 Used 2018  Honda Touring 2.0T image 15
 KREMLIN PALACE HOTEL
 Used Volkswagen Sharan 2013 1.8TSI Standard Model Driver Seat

───

▶ EXERCISE DIRECTIONS:
Please work out how many lines in this listing contain "Used", then give only that number.

▶ TASK OUTPUT:
2